==== Given data ====

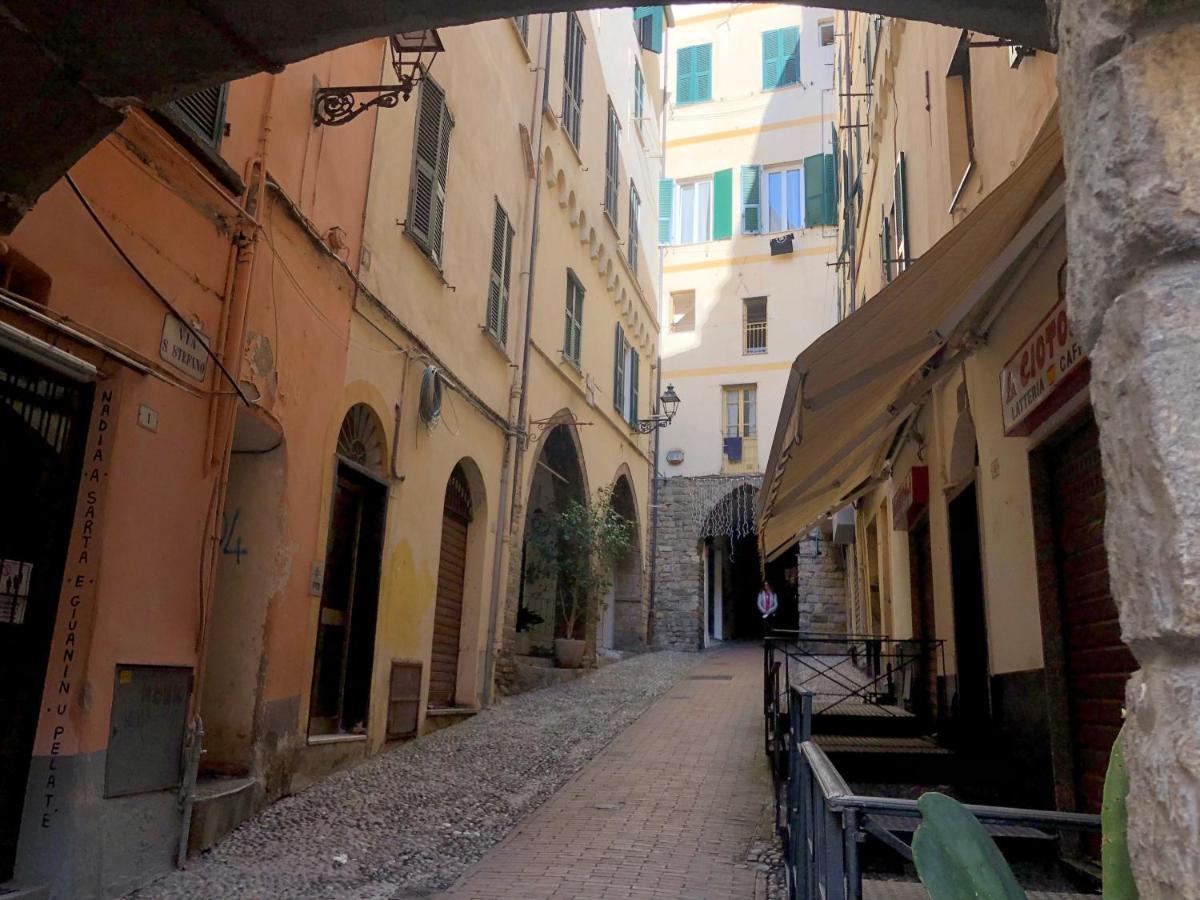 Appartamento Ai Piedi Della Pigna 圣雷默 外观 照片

====
==== Given data ====

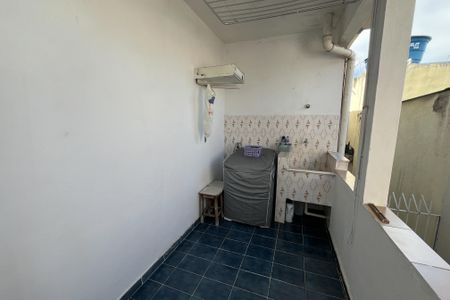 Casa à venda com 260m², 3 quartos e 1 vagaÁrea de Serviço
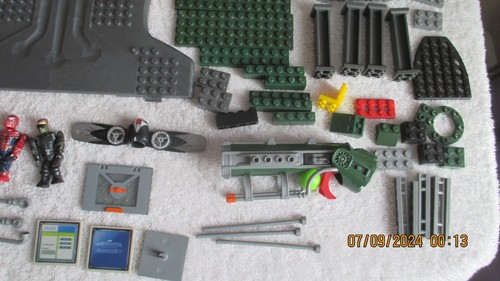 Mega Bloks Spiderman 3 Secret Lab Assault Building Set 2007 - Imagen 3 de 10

====

→ Exercise requirements
Every line above between the one containing "Casa à venda" and the one containing "Mega Bloks Spiderman", those two included, is to be printed exactly. No pictures go into the copy.

→ The completed task
 Casa à venda com 260m², 3 quartos e 1 vagaÁrea de Serviço
 Mega Bloks Spiderman 3 Secret Lab Assault Building Set 2007 - Imagen 3 de 10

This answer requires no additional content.